Helping employees understand what their shares might be worth in different scenarios involves helping them to understand the company’s waterfall. Waterfall analysis can get tricky, but you can read my article in Forbes or a similar article by my co-founder that provide additional details.

Valuation Information

These days, most companies are required to obtain a 409a valuation if they want to issue stock options. Some may debate the accuracy of these valuations, but they at least provide a method-based estimate of value. Furthermore, since they take into account liquidation preferences and other rights, the estimated value per common share is often more reliable than the per share price from the most recent round.
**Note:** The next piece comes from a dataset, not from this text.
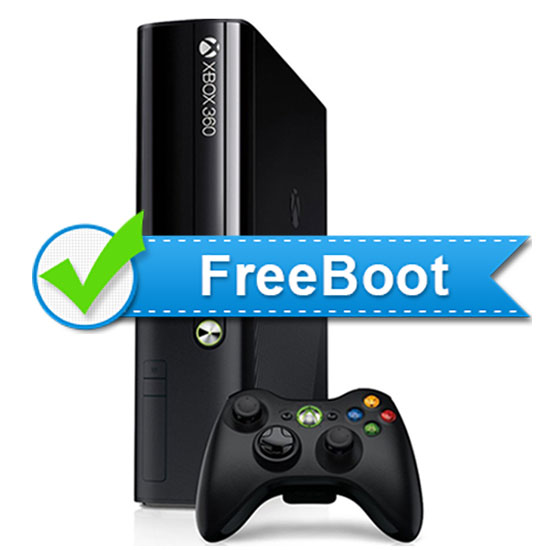 Microsoft Xbox 360 E 250GB + Freeboot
At any rate, you can provide this information to employees with the caveat that the results are purely theoretical and should not be used as any sort of investment advice. At Capshare, we often provide valuation data to employees with these types of disclaimers. The information we selectively share includes the following:

  1. Valuation ratios for our industry
  2. Pre- and post-money valuations from rounds we have raised
  3. 409a valuation information

Risks of Transparency

Unlike public companies, private companies are not legally required to reveal equity and valuation data in a broad and systematic way. In fact, most private companies are fiercely protective of the key information necessary to estimating the company’s value.

Some people assume that private companies do not share information simply because they don’t have to. In reality, sharing detailed equity and valuation information with employees poses significant risks.  These risks include:

  1. Possibly creating false (positive or negative) expectations among employees
  2. Incurring liability because an employee makes a bad decision based on the information provided (sells shares too early, doesn’t exercise shares, etc.)
  3. Leaking sensitive data out of the company (and possibility to competitors)
  4. Indirectly facilitating unauthorized buying and selling of the company’s shares

Benefits of Transparency

Despite the risks, transparency also offers some pretty compelling benefits:

  1. Building trust and confidence with your employees
  2. Giving your employees a real sense of the potential value of their shares
  3. Helping employees understand what drives increases in your company’s valuation
  4. Motivating employees to create more value
  5. Creating a culture of openness and honesty throughout the whole startup

The overall goal of cap table transparency is to help employees feel more valued and respected. Startups have been known to abuse equity compensation by throwing up smoke and mirrors to woo potential hires. By helping employees better understand the potential value and the mechanics of their option grants, everybody feels more secure.

This can prove to be a great strategy even if the company goes through hard times. You’re likely to receive greater loyalty from employees who feel like they’ve been treated with fairness and honesty. If everyone understands the risks and benefits up front, you will encounter less resentment and mismatched expectations down the road.

Conclusion

In the end, we can’t tell you what level of transparency will work best for your startup. Because Capshare is so small, it is relatively easy for us to embrace a high degree of openness. Among the thousands of clients we have, we have concluded that sharing a few key pieces of equity information (Level 2 or 3 on the chart above) can allow many startups to get most of the benefits of cap table transparency without many risks.